----- DATASET RECORDS -----

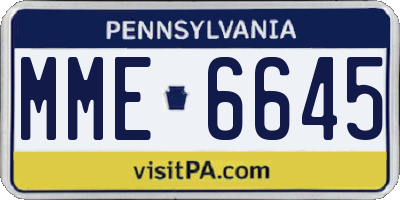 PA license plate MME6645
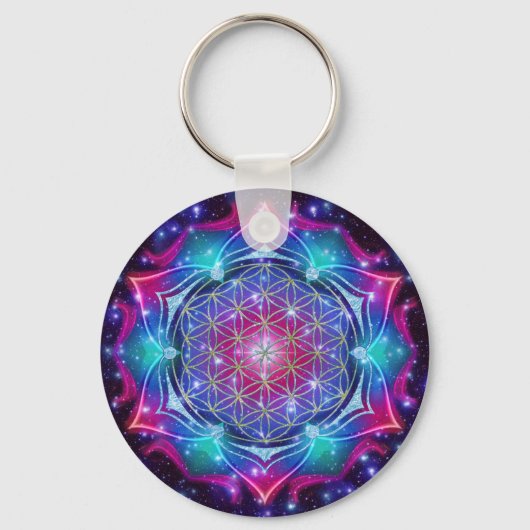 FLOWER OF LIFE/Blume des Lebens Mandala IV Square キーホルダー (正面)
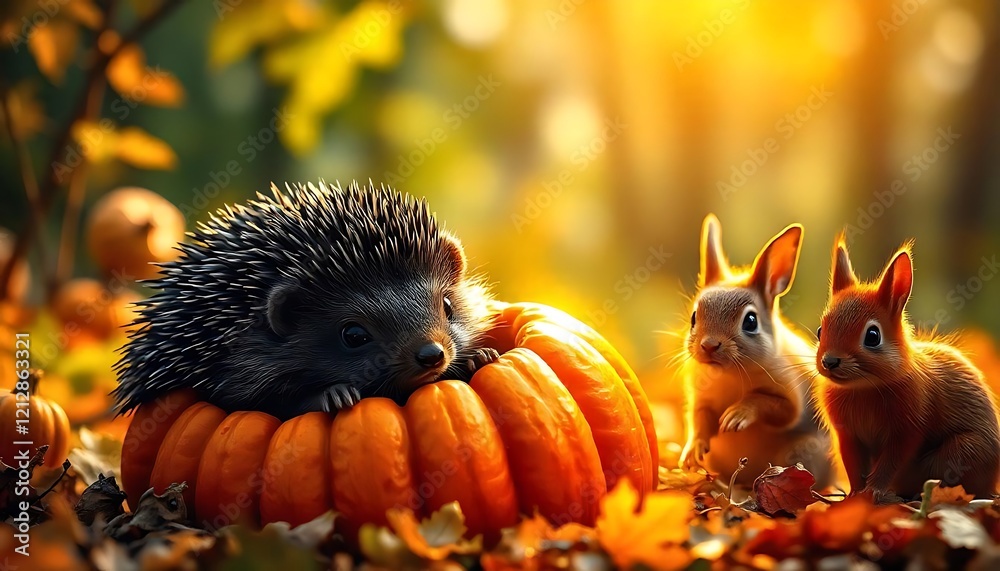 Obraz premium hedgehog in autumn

-----
----- DATASET RECORDS -----

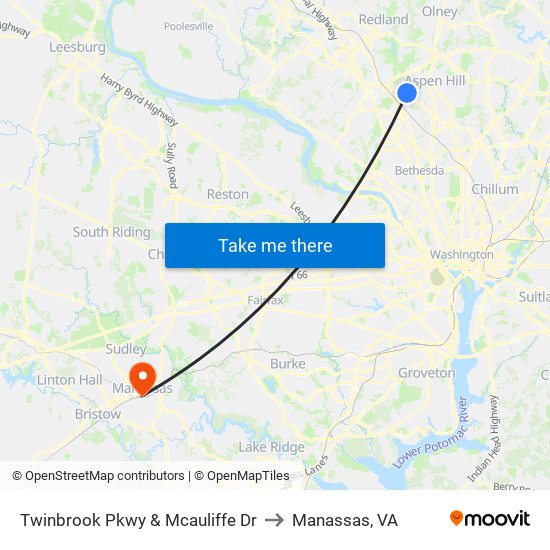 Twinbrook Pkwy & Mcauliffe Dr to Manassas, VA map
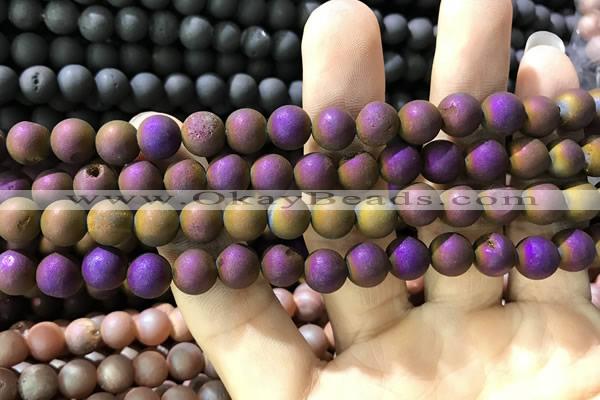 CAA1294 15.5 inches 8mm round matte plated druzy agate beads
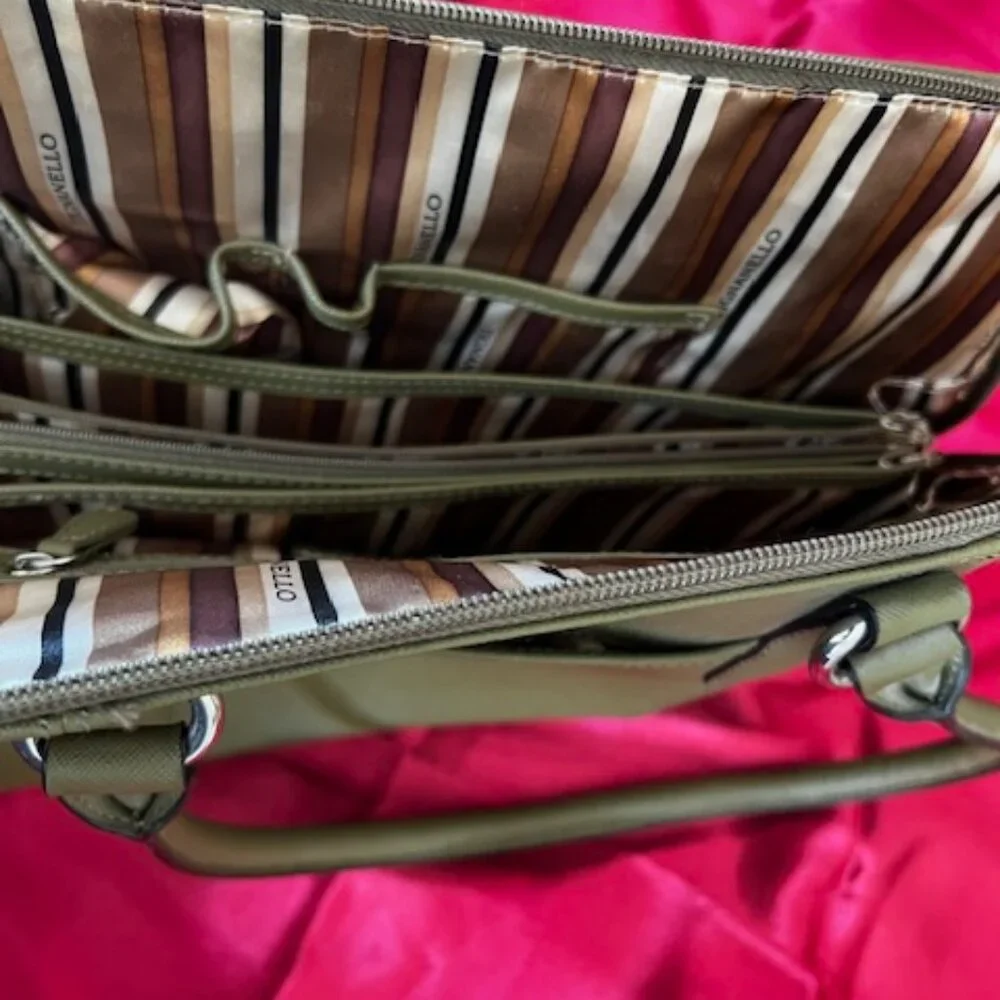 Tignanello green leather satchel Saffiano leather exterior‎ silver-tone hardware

-----

WHAT THE TASK REQUIRES: For the material above, give again only the lines starting at the line that contains "PA license plate MME6645" and ending at the line that contains "Obraz premium hedgehog in autumn". Pictures do not belong in the copy.

ANSWER TO THE PROBLEM:
 PA license plate MME6645
 FLOWER OF LIFE/Blume des Lebens Mandala IV Square キーホルダー (正面)
 Obraz premium hedgehog in autumn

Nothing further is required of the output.